A volte la disinformazione nasce sui giornali, dal modo in cui i giornalisti riportano i fatti, specialmente quando riferiscono in modo scorretto i risultati di qualche studio scientifico. Ed ecco che gli spaghetti nel piatto degli italiani diventano, su qualche giornale, addirittura radioattivi. 

L'industria alimentare ci sguazza: basta dire che una certa merce è «naturale» per incrementare le vendite o alzare i prezzi. Troppo spesso l'informazione scientifica in questo campo è moltiplicata, strattonata e a volte persino piegata a fini poco nobili.  Solamente conoscendo questo alfabeto di base possiamo proteggerci, almeno parzialmente, dalla miriade di messaggi contrastanti, anche pubblicitari, con cui veniamo bombardati ogni giorno. 

I semi mutanti sono già sulle nostre tavole 

Ogni anno arrivano sul mercato tantissime nuove varietà vegetali, frutto di selezioni mirate assistite da tecniche biotecnologiche.

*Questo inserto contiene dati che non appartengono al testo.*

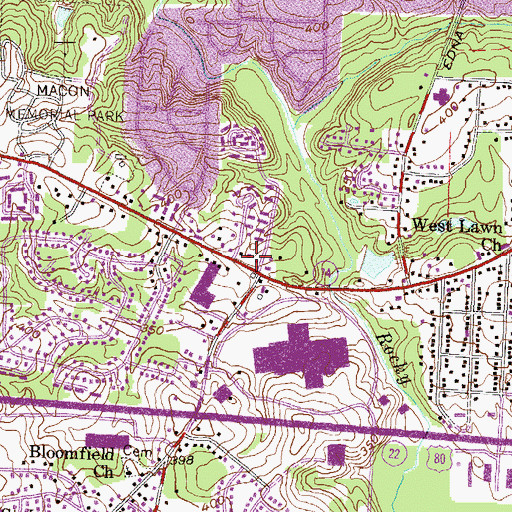 Topographic Map of Macon - Bibb County Fire Department Station 8, GA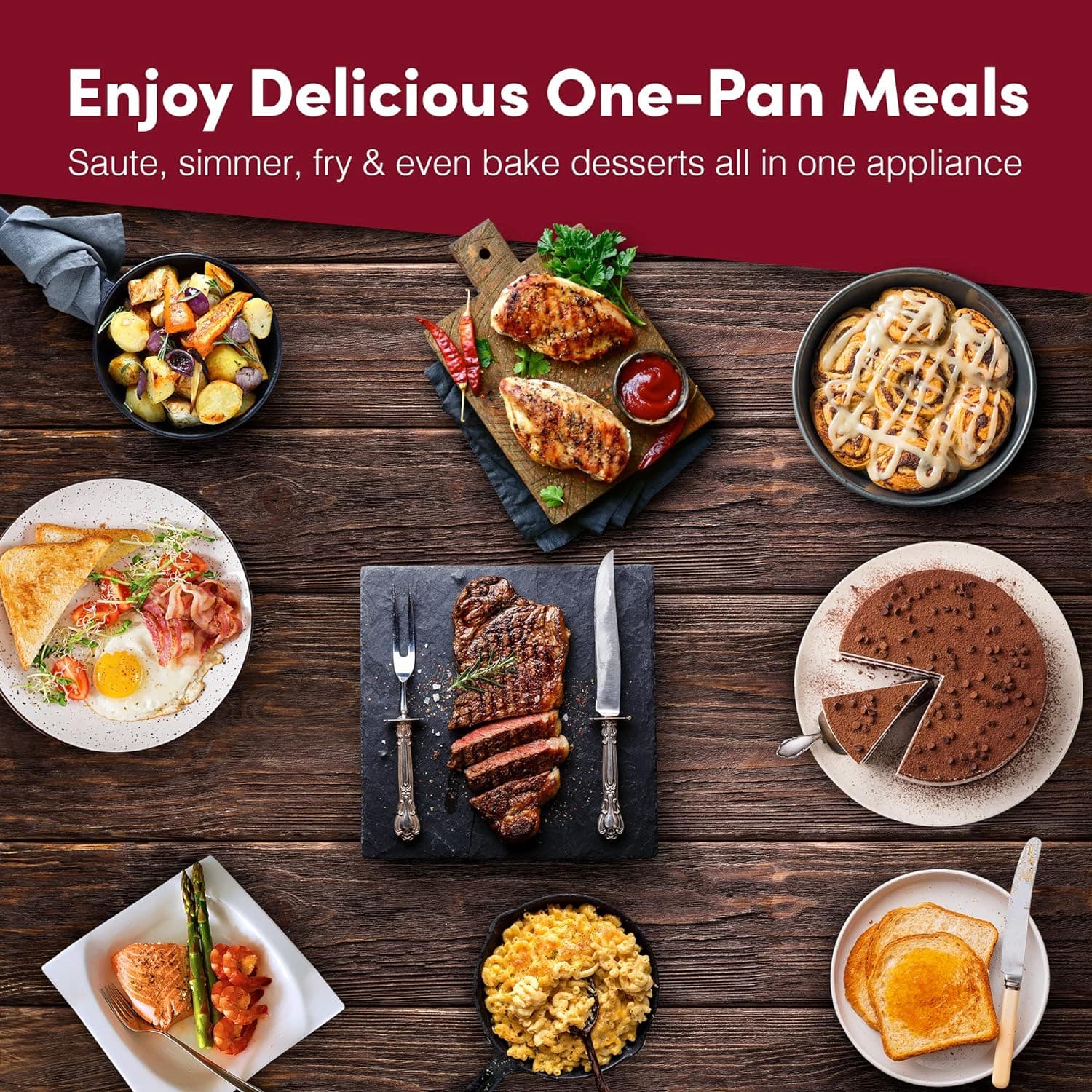 Elite Gourmet EG808 8” x 8" Non-stick Electric Skillet, Dishwasher Safe with Tempered Glass Vented Lid, Rapid Heat Up, 600W, Black 2.5Qt - Image 8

Anche se si tratta a tutti gli effetti di manipolazioni del DNA, gli organismi che ne risultano non sono OGM perché, secondo la definizione dell'Unione europea, sotto tale sigla sono compresi soltanto gli organismi che derivano da modificazioni mirate effettuate attraverso la tecnica del DNA ricombinante. 

Tra le manipolazioni che non ricadono legalmente sotto la categoria degli OGM ci sono quelle ottenute con le radiazioni nucleari (raggi gamma, raggi X, raggi alfa, raggi beta etc), che le aziende multinazionali praticano nei loro laboratori e delle quali il consumatore non viene informato. Sembrano più tecniche alchemiche che attività agricole.

Il DNA di tutte le specie viventi è composto dalle stesse molecole e funziona più o meno nella stessa maniera. Tra il DNA umano e quello di uno scimpanzé, per esempio, c'è solo il 2 per cento di differenza. Ma anche specie molto diverse contengono geni simili o uguali: condividiamo il 60 per cento dei geni del moscerino della frutta, il 75 per cento del DNA del verme nematode, e un rispettabile 30 per cento di quello del comune lievito. 

Siamo forse per il 30 per cento lievito? In realtà, ha poco senso parlare di gene «del lievito». È scientificamente più corretto dire che esistono dei geni che, assemblati nei cromosomi di un organismo vivente, vanno a costituire di volta in volta il patrimonio genetico del pollo, del pomodoro o dell'uomo.